The Proclamation is expressly premised on legitimate purposes: preventing entry of nationals who cannot be adequately vetted and inducing other nations to improve their practices.

Trump v. Hawaii, slip op. at 34. I would like to point out as a side note, that there have been no terrorist attacks on U.S. soil by the citizens of the countries that are barred from entering under the travel ban. (I did a quick Google search and the hijackers on September 11, 2001 were from Saudi Arabia, the United Arab Emirates, Egypt, and Lebanon. I’m not suggested that citizens from these countries should be banned – among other things September 11th was nearly seventeen years ago – but I think it’s important to note that there was no discussion in the opinion about the actual threat posed by citizens of the banned countries).

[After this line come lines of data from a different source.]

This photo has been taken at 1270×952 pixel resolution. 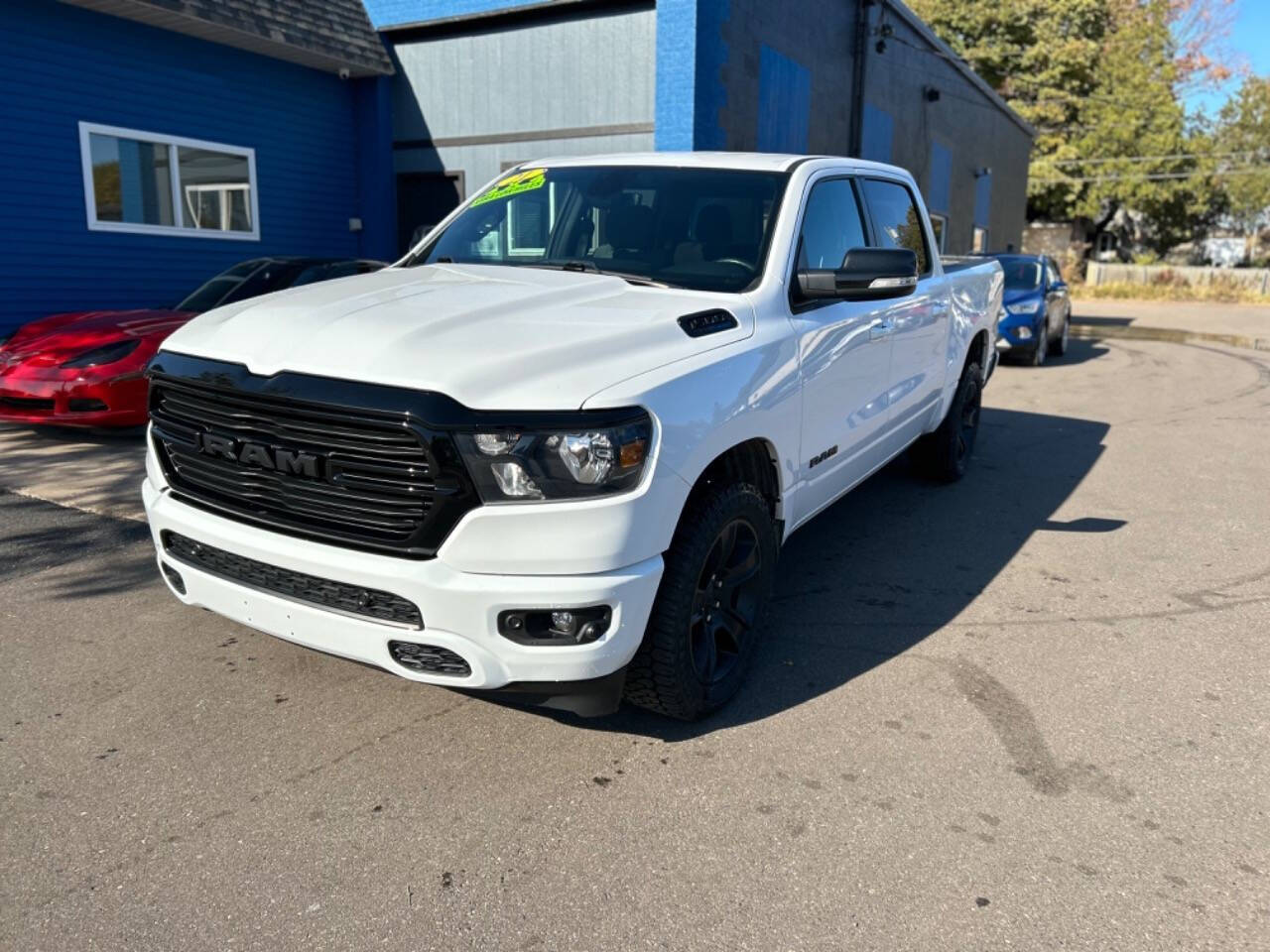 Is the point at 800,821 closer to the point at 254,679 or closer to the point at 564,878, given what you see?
the point at 564,878

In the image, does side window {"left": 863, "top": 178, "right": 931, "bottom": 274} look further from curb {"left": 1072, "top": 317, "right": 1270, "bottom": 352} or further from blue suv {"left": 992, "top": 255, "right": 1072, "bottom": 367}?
curb {"left": 1072, "top": 317, "right": 1270, "bottom": 352}

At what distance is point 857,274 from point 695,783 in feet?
6.64

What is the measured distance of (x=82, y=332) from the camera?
7441mm

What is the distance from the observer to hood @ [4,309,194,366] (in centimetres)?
728

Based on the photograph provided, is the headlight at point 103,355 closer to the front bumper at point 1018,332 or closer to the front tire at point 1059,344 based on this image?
the front bumper at point 1018,332

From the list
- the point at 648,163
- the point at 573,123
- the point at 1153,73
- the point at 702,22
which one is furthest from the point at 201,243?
the point at 1153,73

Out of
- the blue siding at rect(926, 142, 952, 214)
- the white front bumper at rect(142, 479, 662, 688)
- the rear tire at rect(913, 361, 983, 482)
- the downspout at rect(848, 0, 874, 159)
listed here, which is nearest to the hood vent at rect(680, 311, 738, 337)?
the white front bumper at rect(142, 479, 662, 688)

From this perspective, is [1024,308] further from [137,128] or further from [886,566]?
[137,128]

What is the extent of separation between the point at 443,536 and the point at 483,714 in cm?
100

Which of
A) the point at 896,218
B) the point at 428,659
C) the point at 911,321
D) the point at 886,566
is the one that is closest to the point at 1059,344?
the point at 896,218

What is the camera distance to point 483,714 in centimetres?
355

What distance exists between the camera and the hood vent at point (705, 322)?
133 inches

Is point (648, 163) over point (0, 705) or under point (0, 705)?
over

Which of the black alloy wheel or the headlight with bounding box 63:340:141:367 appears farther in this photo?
the headlight with bounding box 63:340:141:367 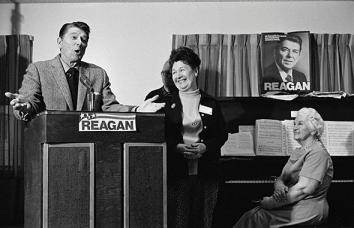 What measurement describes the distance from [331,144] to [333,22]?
1.50 metres

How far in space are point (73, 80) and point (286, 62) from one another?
11.0ft

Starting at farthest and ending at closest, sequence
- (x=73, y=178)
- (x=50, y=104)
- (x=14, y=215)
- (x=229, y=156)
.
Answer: (x=14, y=215), (x=229, y=156), (x=50, y=104), (x=73, y=178)

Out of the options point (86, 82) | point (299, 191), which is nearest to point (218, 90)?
point (299, 191)

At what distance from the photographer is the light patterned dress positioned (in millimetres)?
3410

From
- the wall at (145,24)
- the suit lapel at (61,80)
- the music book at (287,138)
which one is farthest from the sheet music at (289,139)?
the suit lapel at (61,80)

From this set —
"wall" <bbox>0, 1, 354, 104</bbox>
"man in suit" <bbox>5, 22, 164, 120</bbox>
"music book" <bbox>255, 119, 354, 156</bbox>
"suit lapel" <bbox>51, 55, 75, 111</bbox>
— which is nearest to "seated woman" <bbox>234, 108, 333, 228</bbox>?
"man in suit" <bbox>5, 22, 164, 120</bbox>

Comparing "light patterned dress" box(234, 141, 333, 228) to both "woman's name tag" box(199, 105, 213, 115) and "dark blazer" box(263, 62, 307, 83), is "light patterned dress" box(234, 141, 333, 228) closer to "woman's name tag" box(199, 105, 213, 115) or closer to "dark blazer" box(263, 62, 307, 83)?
"woman's name tag" box(199, 105, 213, 115)

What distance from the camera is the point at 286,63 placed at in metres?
5.61

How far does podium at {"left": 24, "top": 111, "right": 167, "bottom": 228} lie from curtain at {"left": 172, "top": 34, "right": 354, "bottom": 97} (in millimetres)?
3421

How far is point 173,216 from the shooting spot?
3264 millimetres

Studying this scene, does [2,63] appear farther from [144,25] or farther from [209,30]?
[209,30]

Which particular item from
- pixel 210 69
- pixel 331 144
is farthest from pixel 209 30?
pixel 331 144

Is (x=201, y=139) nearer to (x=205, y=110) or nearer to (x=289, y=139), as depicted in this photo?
(x=205, y=110)

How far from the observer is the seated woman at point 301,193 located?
3406mm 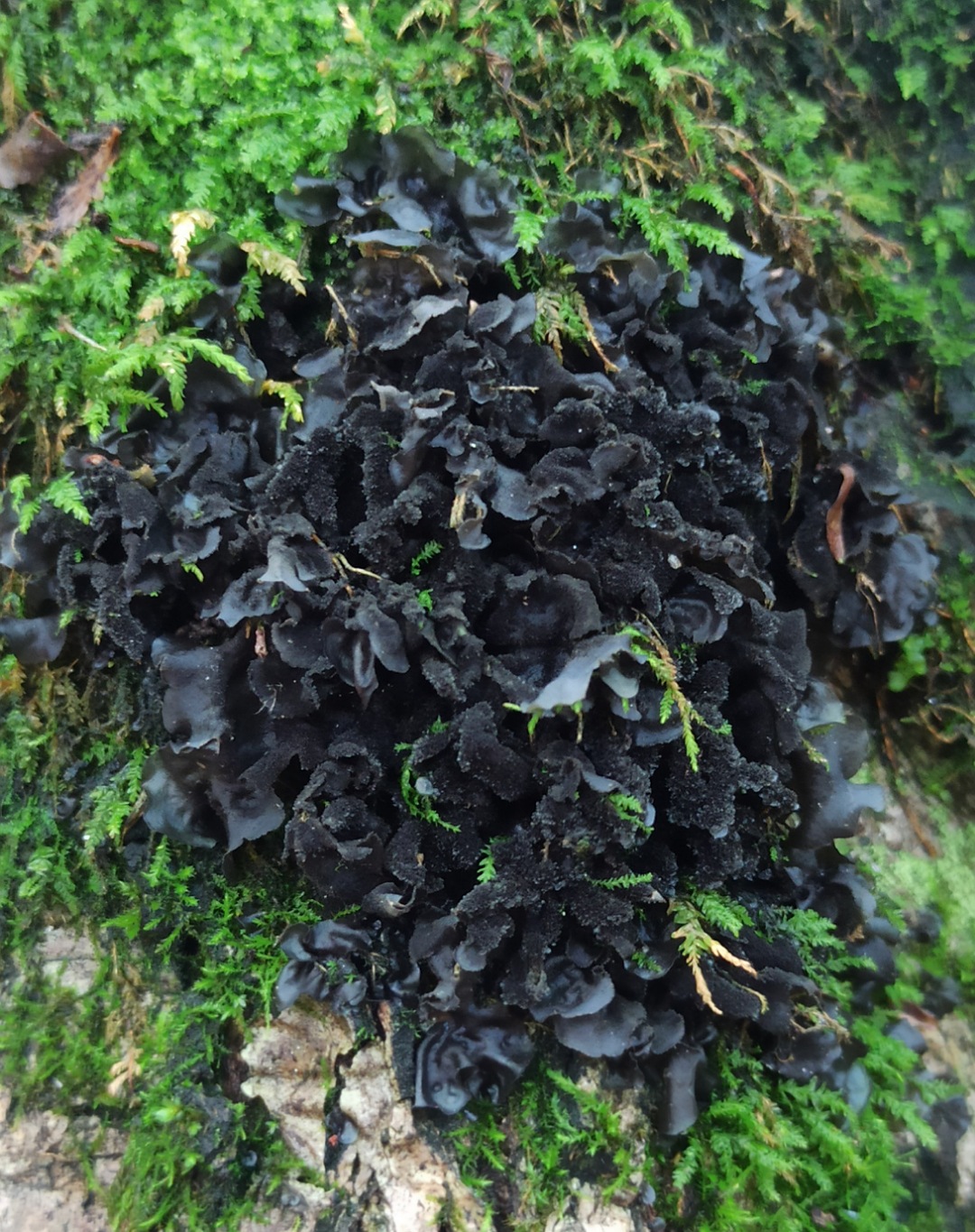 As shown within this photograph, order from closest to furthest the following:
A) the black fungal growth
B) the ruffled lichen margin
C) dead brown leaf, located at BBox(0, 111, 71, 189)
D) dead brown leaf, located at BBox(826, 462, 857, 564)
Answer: the black fungal growth, the ruffled lichen margin, dead brown leaf, located at BBox(0, 111, 71, 189), dead brown leaf, located at BBox(826, 462, 857, 564)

The Court notes that there are three features that support the Government’s claim of a legitimate national security interest that prompted the President to enact the ban. First, since enacting the ban, the administration has removed three Muslim-majority counties from the ban – Iraq, Sudan, and Chad. Second, for citizens from the countries listed in the ban, the policy permits certain citizens to travel to the United States on a variety of nonimmigrant visas. Third, the Proclamation creates a waiver program open to all foreign citizens who are seeking admission as either immigrants or nonimmigrants.

Finally, the Court explicitly overrules Korematsu v. United States, 323 U.S. 214 (1944). The Korematsu decision upheld that forcible relocation of U.S. citizens to concentration camps solely, and explicitly, on the basis of race. The Court held that this action was unlawful and outside the scope of Presidential authority. The Court then noted “it is wholly inapt to liken that morally repugnant order to a facially neutral policy denying certain foreign nationals the privilege of admission.” Trump v. Hawaii, slip op. at 38. The Court concluded its opinion finding that because the plaintiffs have not shown that they were likely to succeed on the merits of their claims, the Court was reversing the grant of the preliminary injunction as an abuse of discretion. The Court remanded the case to the lower courts for further proceedings.

Kennedy’s Concurrence

Justice Kennedy joined the Court’s opinion in full. He noted that substantial deference must be accorded to the Executive branch in its exercise of foreign affairs. But “the very fact that an official may have broad discretion, discretion free from judicial scrutiny, makes it all the more important for him or her to adhere to the Constitution and to its meaning and its promise.” Trump v. Hawaii, slip op. at 2 (Kennedy, J. concurring).

Thomas’s Concurrence

Thomas does not think the majority’s opinion goes far enough. He believes that there are no judicially enforceable limits on the President’s ability to exclude noncitizens from the United States. First, Thomas states that he does not think that district courts have the authority to enter nation-wide injunctions (he calls them “universal injunctions”). Second, he questions whether courts even have the authority to order equitable relief.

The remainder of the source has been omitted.